## Work task
In the entries below, find the line with "Conehead Mantis" and the line with "رویش گل‌ها در بهار پارک ملی خجیر"; reproduce those two lines and all lines between them exactly, without pictures.

## The input
§ §

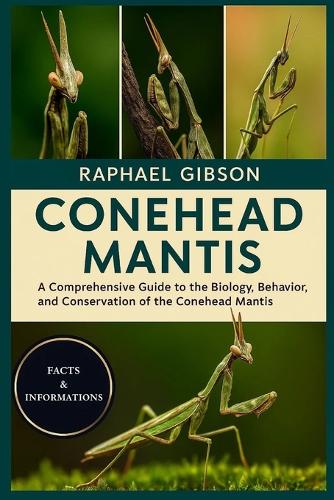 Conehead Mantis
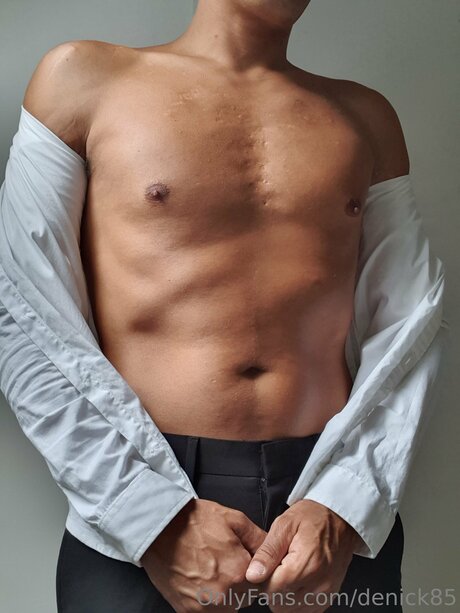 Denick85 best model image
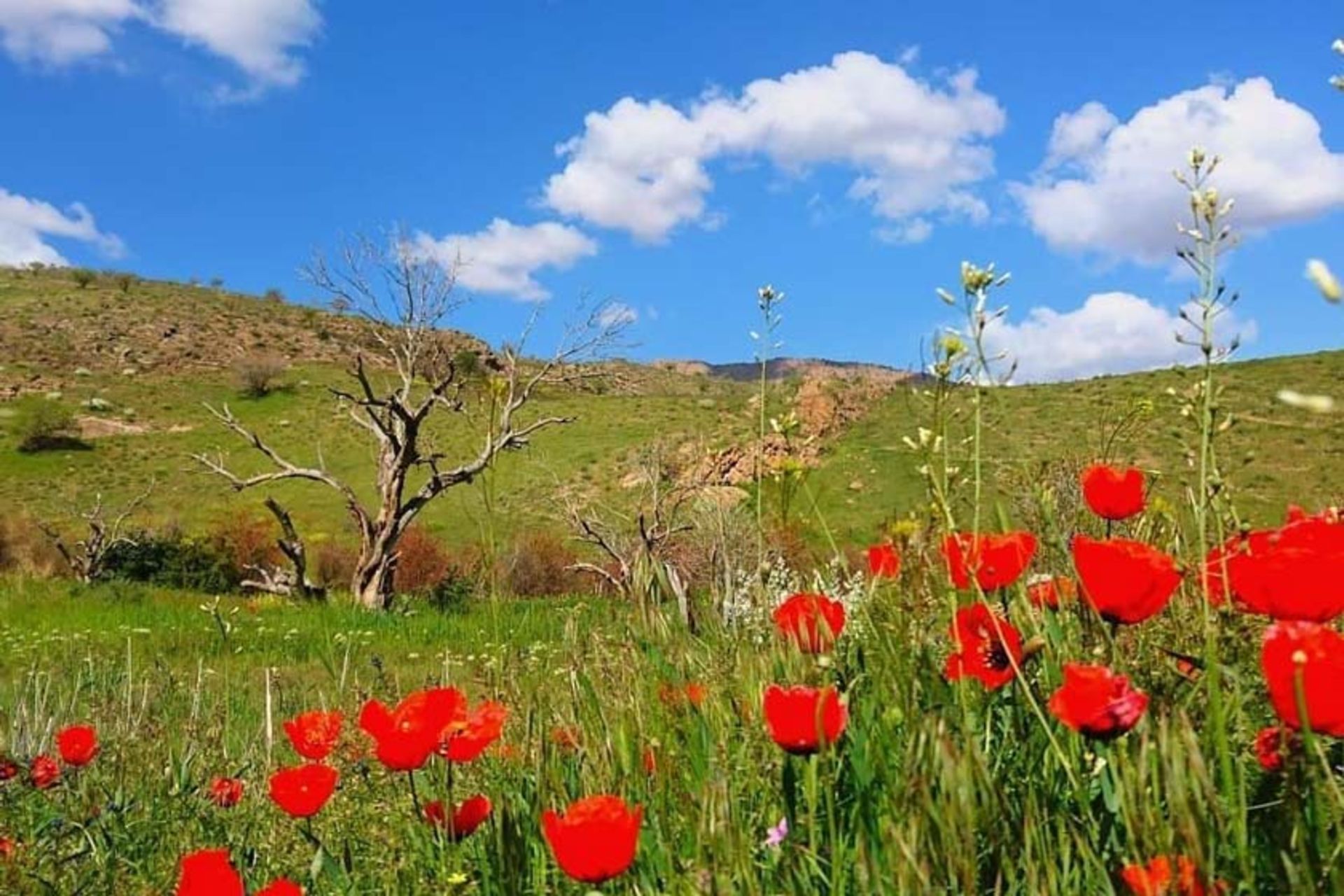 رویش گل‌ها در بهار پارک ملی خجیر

§ §

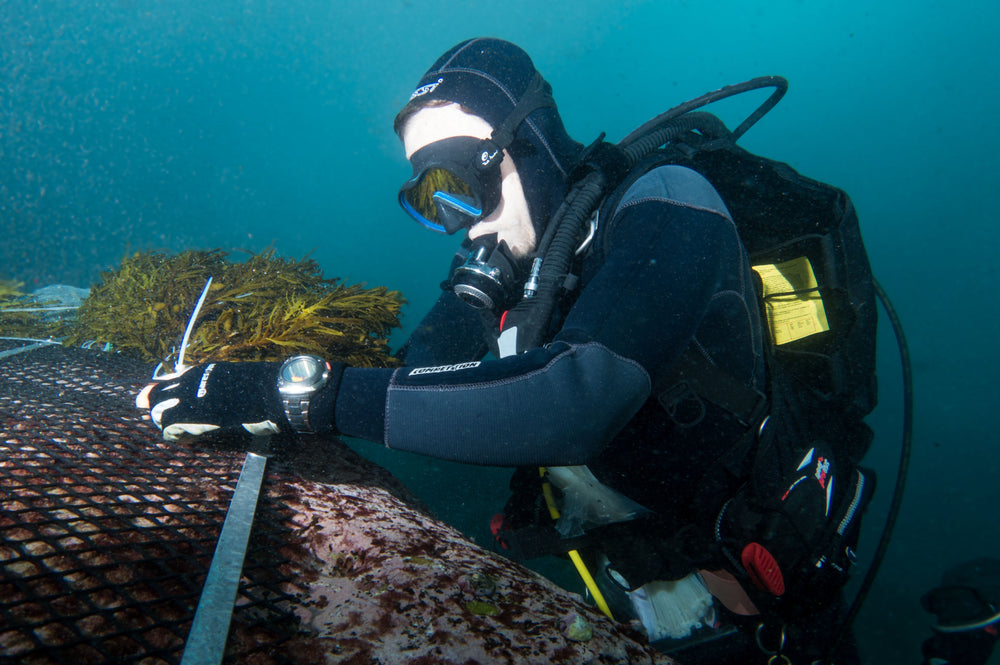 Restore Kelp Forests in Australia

§ §

## Answer space
 Conehead Mantis
 Denick85 best model image
 رویش گل‌ها در بهار پارک ملی خجیر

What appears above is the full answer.